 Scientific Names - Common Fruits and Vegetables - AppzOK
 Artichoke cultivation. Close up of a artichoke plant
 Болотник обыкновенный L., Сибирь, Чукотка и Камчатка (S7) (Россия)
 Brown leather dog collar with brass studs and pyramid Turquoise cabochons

==

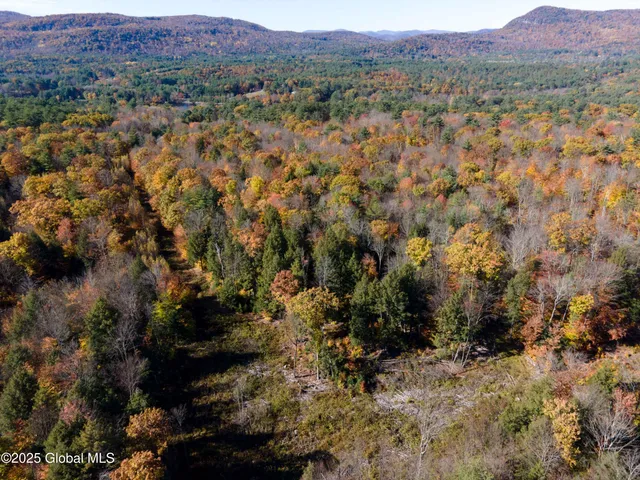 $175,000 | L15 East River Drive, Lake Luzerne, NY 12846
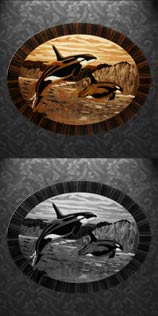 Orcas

• [Your task]: Print, without alteration, only the lines above between the one holding "and Vegetables - AppzOK" and the one holding "Brown leather dog", inclusive.

• [Output for this task]:
 Scientific Names - Common Fruits and Vegetables - AppzOK
 Artichoke cultivation. Close up of a artichoke plant
 Болотник обыкновенный L., Сибирь, Чукотка и Камчатка (S7) (Россия)
 Brown leather dog collar with brass studs and pyramid Turquoise cabochons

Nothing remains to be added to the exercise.